◆ EXERCISE AIM
In the records below, find the line with "Samsung Smart View" and repeat exactly every line from it through the line with "2026 Audi S e-tron GT Premium Plus". Pictures stay out.

◆ SUPPLIED DATA
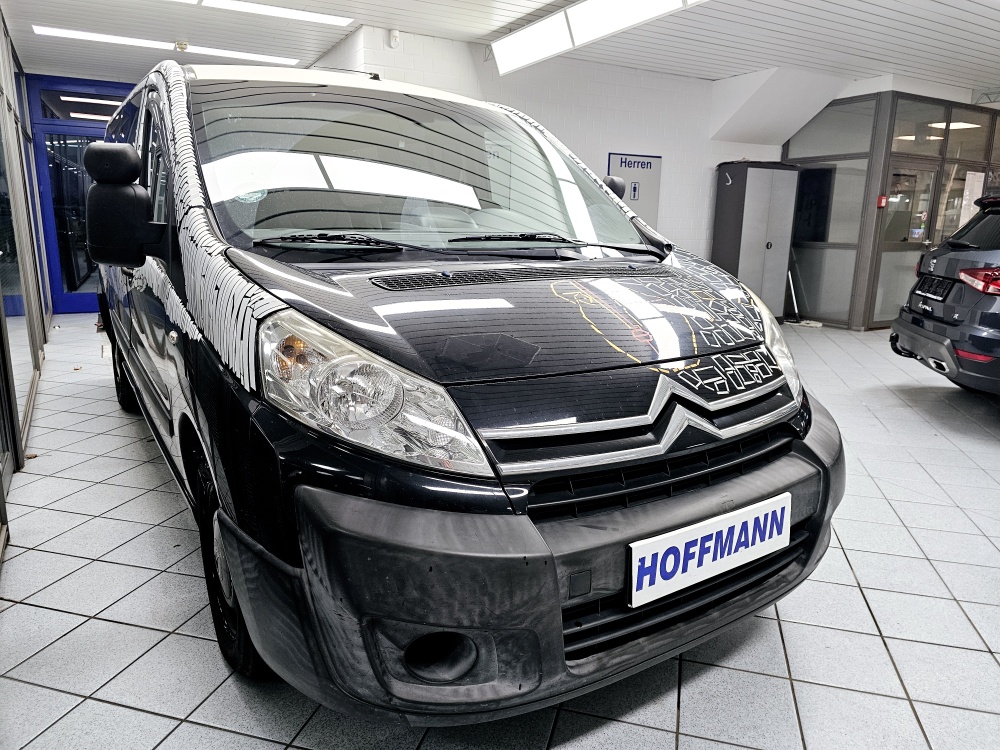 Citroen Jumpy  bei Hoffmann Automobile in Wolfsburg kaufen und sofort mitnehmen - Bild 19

--

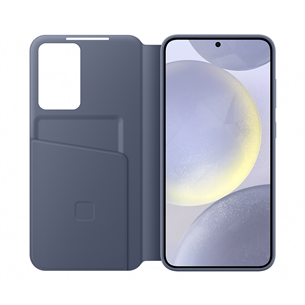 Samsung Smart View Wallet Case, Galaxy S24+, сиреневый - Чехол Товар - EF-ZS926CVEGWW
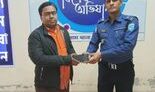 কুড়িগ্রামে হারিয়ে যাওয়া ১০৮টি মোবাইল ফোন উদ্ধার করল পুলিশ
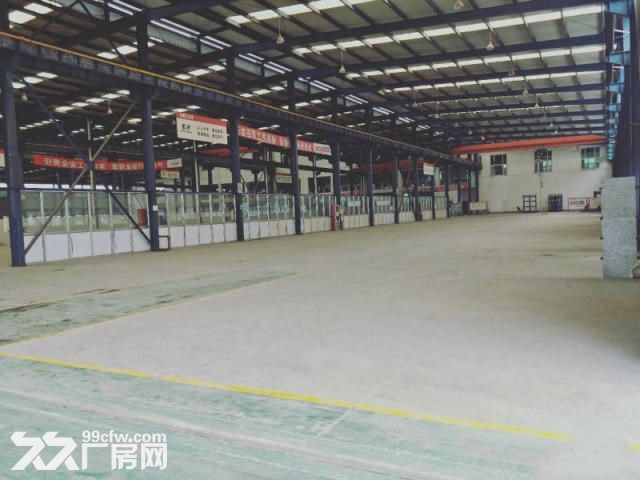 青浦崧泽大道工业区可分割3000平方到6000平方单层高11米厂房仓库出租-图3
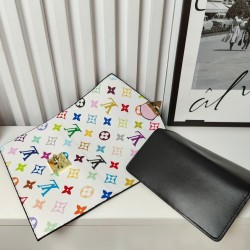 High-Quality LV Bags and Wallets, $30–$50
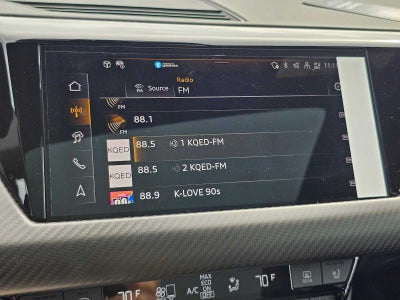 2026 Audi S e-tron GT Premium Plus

---

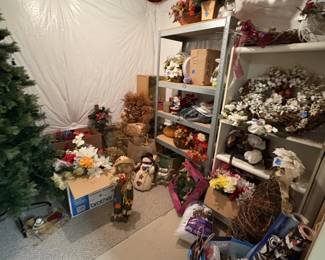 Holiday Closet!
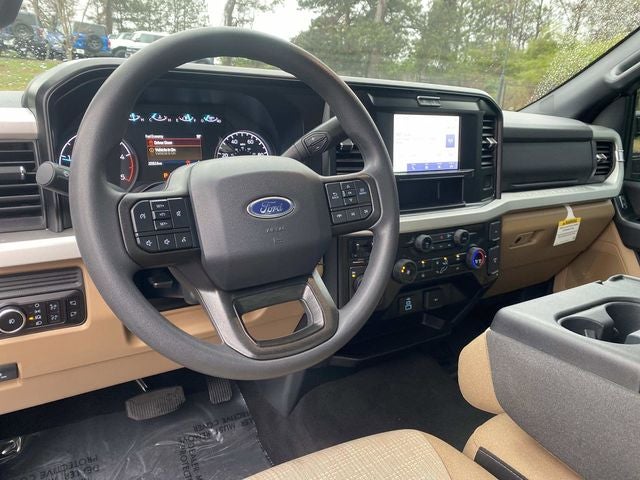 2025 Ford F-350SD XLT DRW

◆ OUTPUT OF THE TASK
 Samsung Smart View Wallet Case, Galaxy S24+, сиреневый - Чехол Товар - EF-ZS926CVEGWW
 কুড়িগ্রামে হারিয়ে যাওয়া ১০৮টি মোবাইল ফোন উদ্ধার করল পুলিশ
 青浦崧泽大道工业区可分割3000平方到6000平方单层高11米厂房仓库出租-图3
 High-Quality LV Bags and Wallets, $30–$50
 2026 Audi S e-tron GT Premium Plus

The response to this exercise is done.